Da due giorni Roberto Mancini non è più il commissario tecnico della Nazionale di calcio. Due giorni in cui l’Italia del pallone si è interrogata sulle motivazioni di questo addio, più incuriosita da questo argomento che dal nome del successore del CT (in questo momento il favorito sembra essere Luciano Spalletti, l’alternativa potrebbe essere costituita dal ritorno di Antonio Conte).
Da giocatore prima e da allenatore poi, Mancini ci ha abituato a colpi a sorpresa, tiri a effetto e scelte tecniche inimmaginabili ai comuni mortali: fuoriclasse in campo e maestro in panchina, domenica Mancini ha deciso di stupirci ancora. Stavolta però la sua scelta ha il sapore dell’autogol, di una beffa che rischia di provocare seri danni – se mai ce ne fosse stato bisogno – alla nostra nazionale di calcio. Tra pochi giorni, infatti, l’Italia detentrice del trofeo dovrà intraprendere il cammino delle qualificazioni ai prossimi campionati europei; tuttavia – con una Pec inviata dalle Cicladi – Mancini ha comunicato al presidente della Figc, Gabriele Gravina, le sue dimissioni da commissario tecnico della nazionale. Un fulmine a ciel sereno che ha squassato il torpore agostano del calcio nazionale e ha sovvertito l’ordine delle notizie, non solo dei quotidiani sportivi.

Dai social per una volta è arrivato poco e nulla: dal suo profilo Instagram, l’ormai ex CT annunciava ai suoi follower, un milione e centomila in tutto, che “le dimissioni da CT della Nazionale sono state una mia scelta personale”. Ringraziamenti di rito al Presidente e ai membri della federazione, per i giocatori e per i tifosi: “Porterò sempre nel cuore la straordinaria vittoria dell’Europeo 2020”, sono le parole con cui si conclude il post. Certamente il trionfo di Londra rappresenta il fiore all’occhiello della gestione Mancini, il coronamento di un percorso fatto di vittorie e partite indimenticabili.
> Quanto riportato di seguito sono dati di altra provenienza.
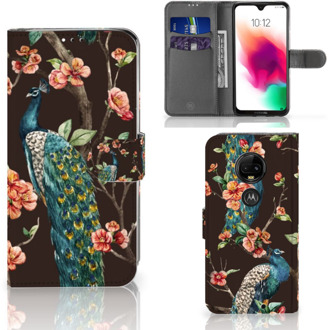 B2Ctelecom Motorola Moto G7 | G7 Plus Bookcase Hoesje Design Pauw met Bloemen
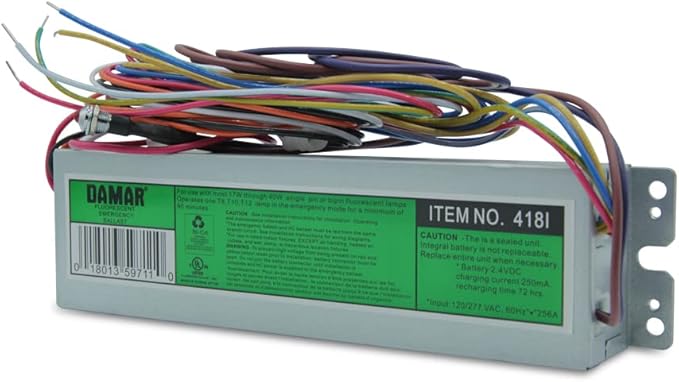 Replacement for Lithonia Ps300 Ballast by Technical Precision - 120/277v Emergency Ballast for (1) 17W-40W T8 T12, (1) 13W-26W 4-pin Compact, (1)18W-36W 4-pin Long CFL - 1 Pack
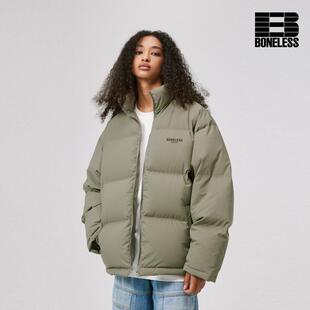 BONELESS白鸭绒基础款雾面羽绒服美式男加厚保暖外套冬潮牌面包服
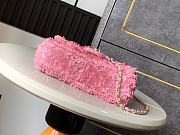 Chanel Flap Bag Pink Sequins 20cm - 5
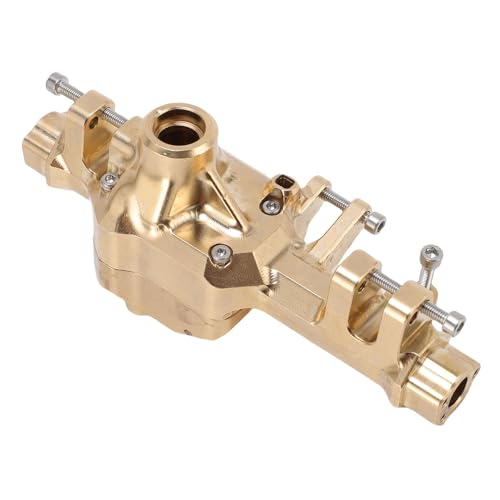 SPYMINNPOO Messing -Frontbrückenachse, Metall RC Messing Hinterachehäuser mit Diff -Abdeckung für RC Crawler Car von SPYMINNPOO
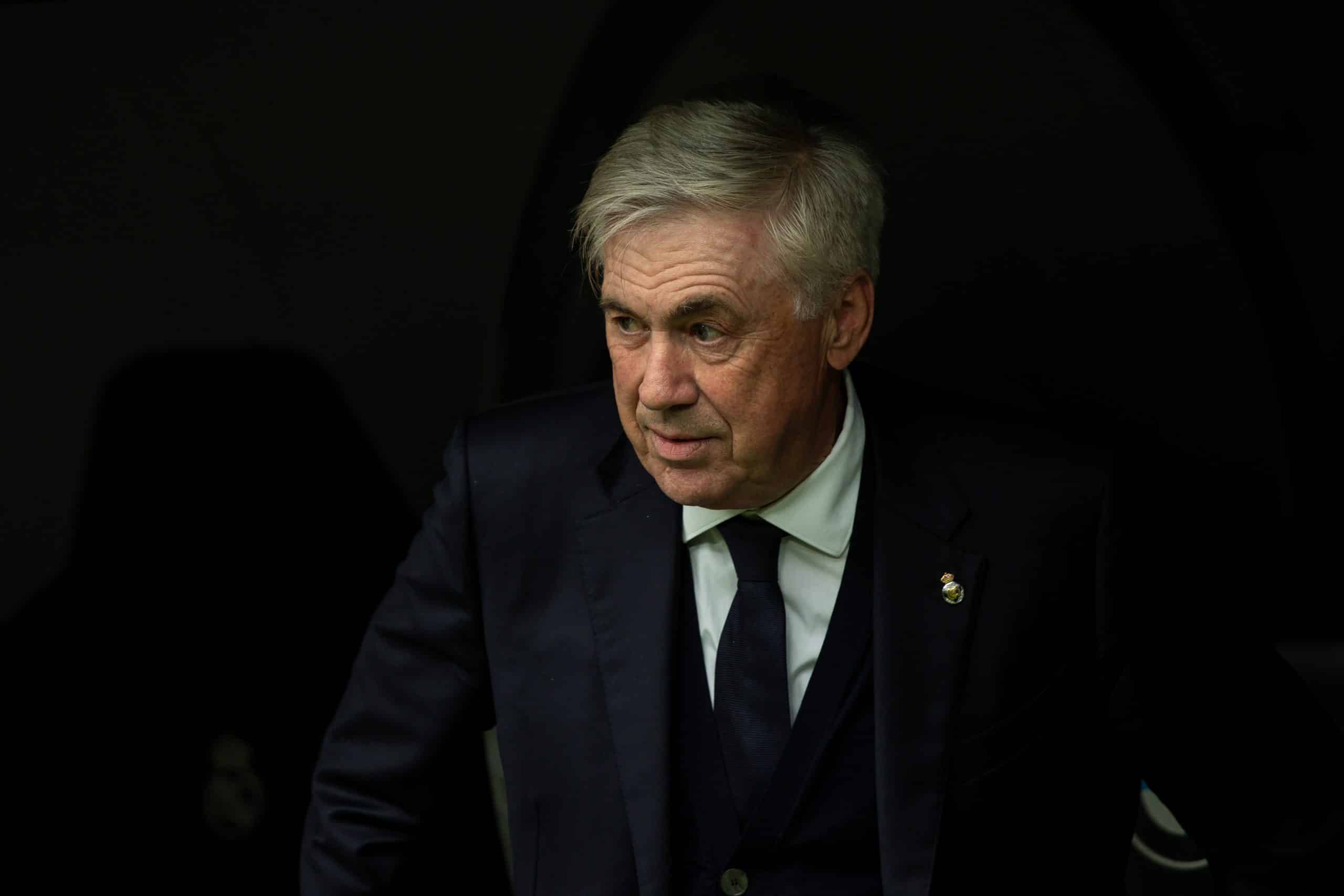 Carlo Ancelotti, le coach du Real Madrid.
Per questo molti pensano che sarebbe stato quello il momento ideale per salutare la curva, con la medaglia d’oro sul petto e l’abbraccio del gemello Luca Vialli come ulteriore, prezioso suggello di un’amicizia eterna e meravigliosa. Così non è stato; pochi mesi più tardi è arrivata invece la cocente e inaspettata delusione per la mancata qualificazione ai mondiali. Di nuovo, in molti hanno immaginato di vedere allora Mancini togliere il disturbo, prima ancora che congedato dalla Figc, un addio praticamente inevitabile. Ma non per Bobby gol, ancora una volta capace di scartare la consuetudine con un dribbling da campione.

Le dimissioni arrivano invece adesso, pochi giorni dopo la decisione della Figc di nominarlo supervisore di tutte le rappresentative azzurre, una promozione senza precedenti nella storia della nostra nazionale. Immediata è partita la ridda di voci e di commenti, la maggior parte dei quali di dura condanna. “Pensavo non fosse vero”, ha commentato Arrigo Sacchi, che pure nel 1997 piantò in asso la Nazionale per tornare al Milan in difficoltà. Da parte dei calciatori, da Chiesa a Zaniolo, invece parole d’affetto. Per alcuni Mancini se ne va perché – nonostante tutto – sarebbe stato privato degli storici collaboratori, sostituiti in gran parte da ex calciatori juventini come Buffon e Barzagli. Altri invece sostengono che la fiamma si fosse spenta dopo la scomparsa di Gianluca Vialli, da quarant’anni fratello acquisito del “Mancio”. C’è chi sostiene poi che anche per il tecnico di Jesi sarebbe stato irresistibile il canto delle sirene d’Arabia: pronto un triennale da venti milioni l’anno per allenare la nazionale saudita. Per chi conosce bene Mancini invece le cause sarebbero da ascrivere a un disagio psicologico dell’allenatore, consapevole di aver perso la capacità di formare una nuova nazionale con un forte spirito di gruppo.

Presto sapremo la verità; magari, ancora una volta, Mancini stupirà tutti. Siamo sicuri che non sarebbe l’ultima.